Within the listing that follows, reproduce exactly the lines starting at the line with "805870 vidaXL Bed" and ending at the line with "Vintage Model Telephone", inclusive, and only those. Pictures are dropped.

*Record set*.
..........
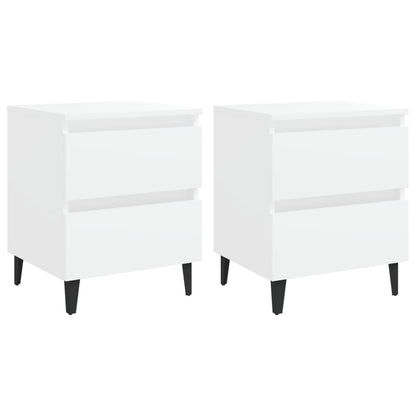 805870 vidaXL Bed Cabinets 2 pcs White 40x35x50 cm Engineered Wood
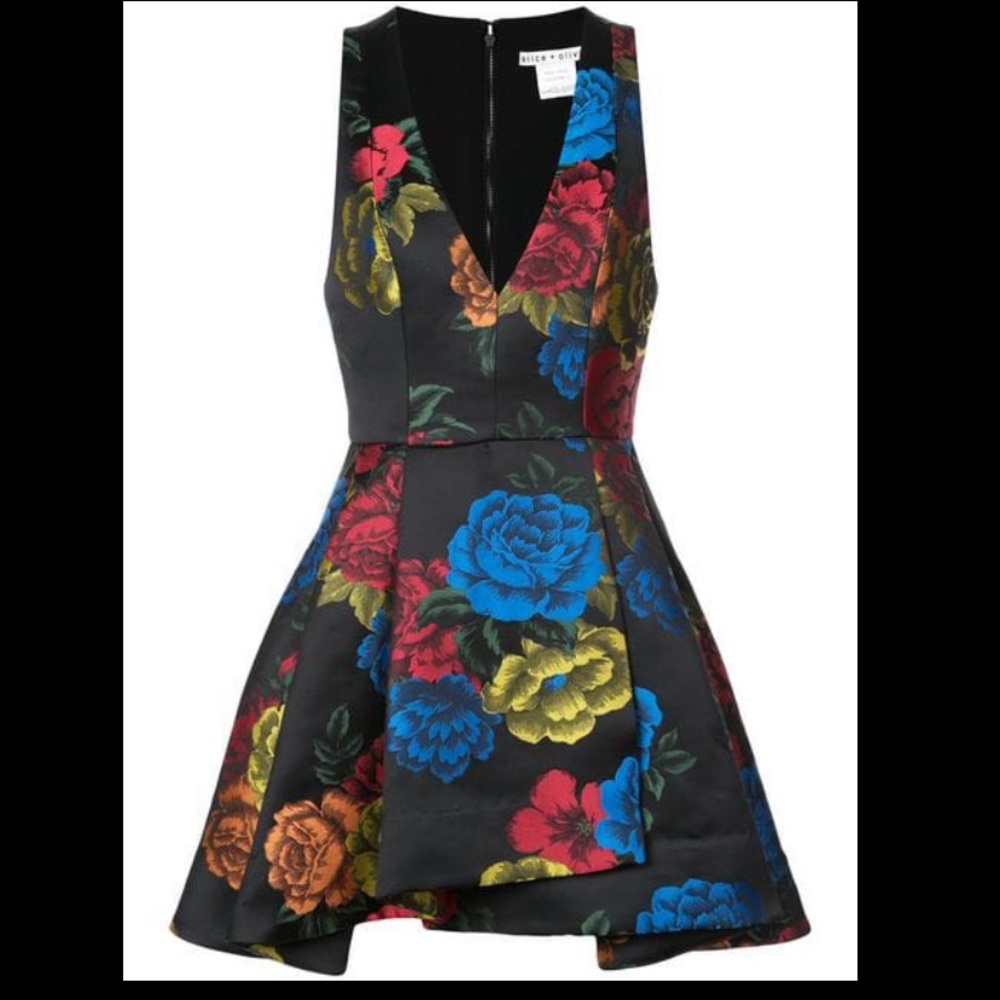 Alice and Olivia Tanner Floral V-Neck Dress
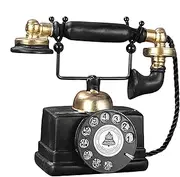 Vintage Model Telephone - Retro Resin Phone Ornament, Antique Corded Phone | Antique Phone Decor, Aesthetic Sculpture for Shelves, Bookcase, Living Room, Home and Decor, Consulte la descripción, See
..........
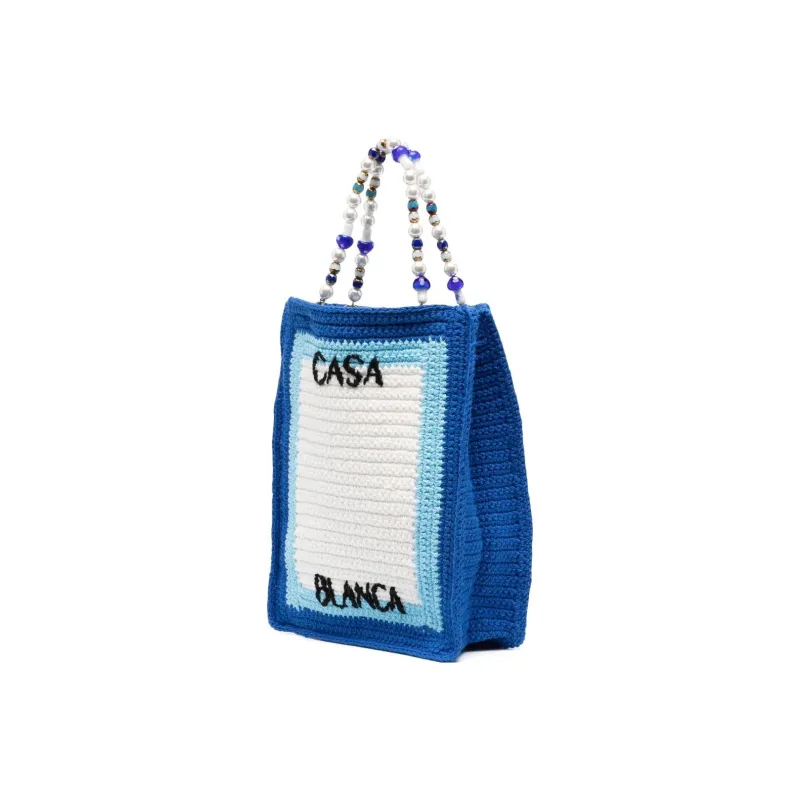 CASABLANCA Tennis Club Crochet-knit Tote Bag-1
..........
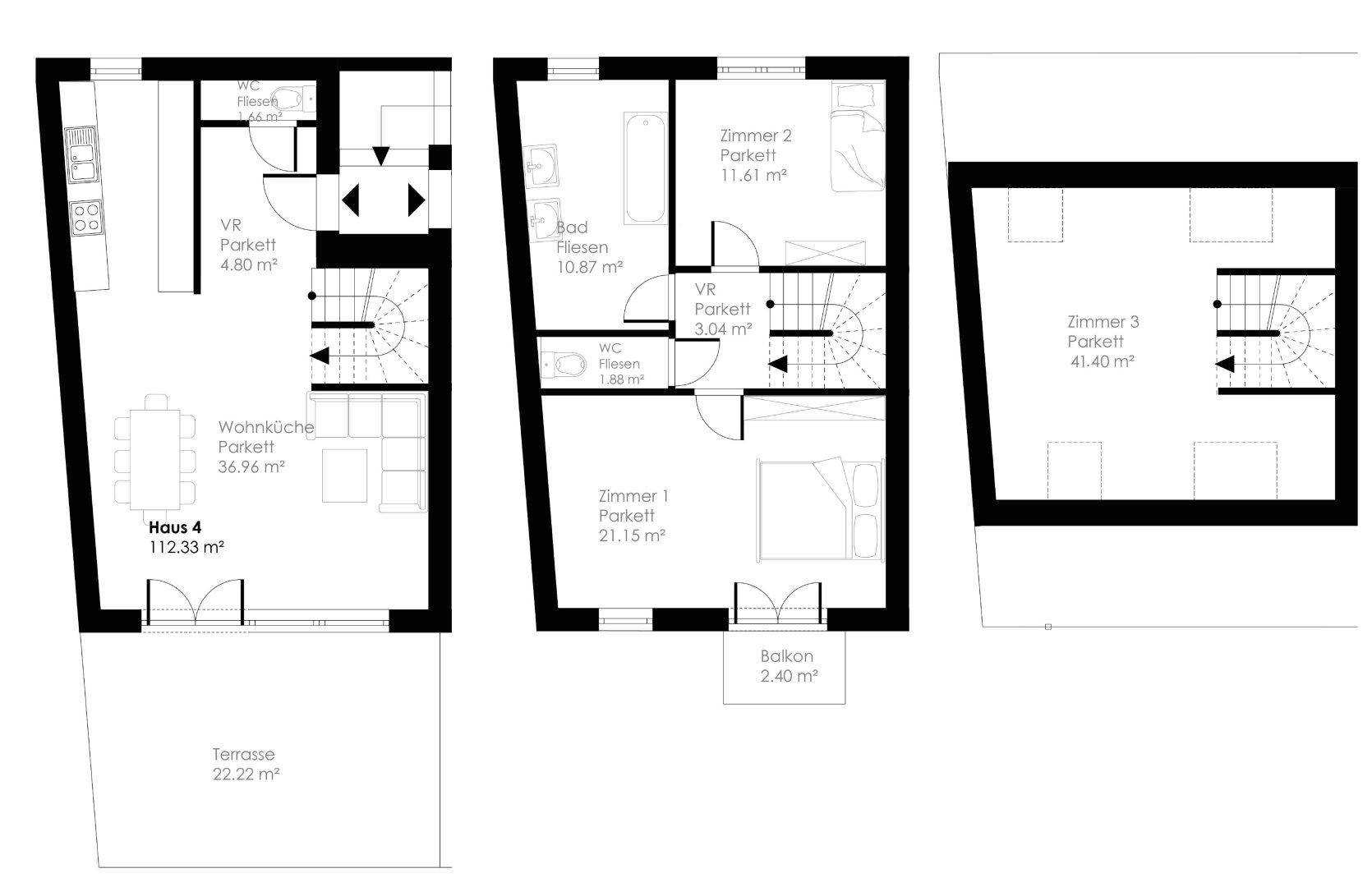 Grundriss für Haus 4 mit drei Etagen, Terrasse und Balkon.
..........
*Written solution*.
 805870 vidaXL Bed Cabinets 2 pcs White 40x35x50 cm Engineered Wood
 Alice and Olivia Tanner Floral V-Neck Dress
 Vintage Model Telephone - Retro Resin Phone Ornament, Antique Corded Phone | Antique Phone Decor, Aesthetic Sculpture for Shelves, Bookcase, Living Room, Home and Decor, Consulte la descripción, See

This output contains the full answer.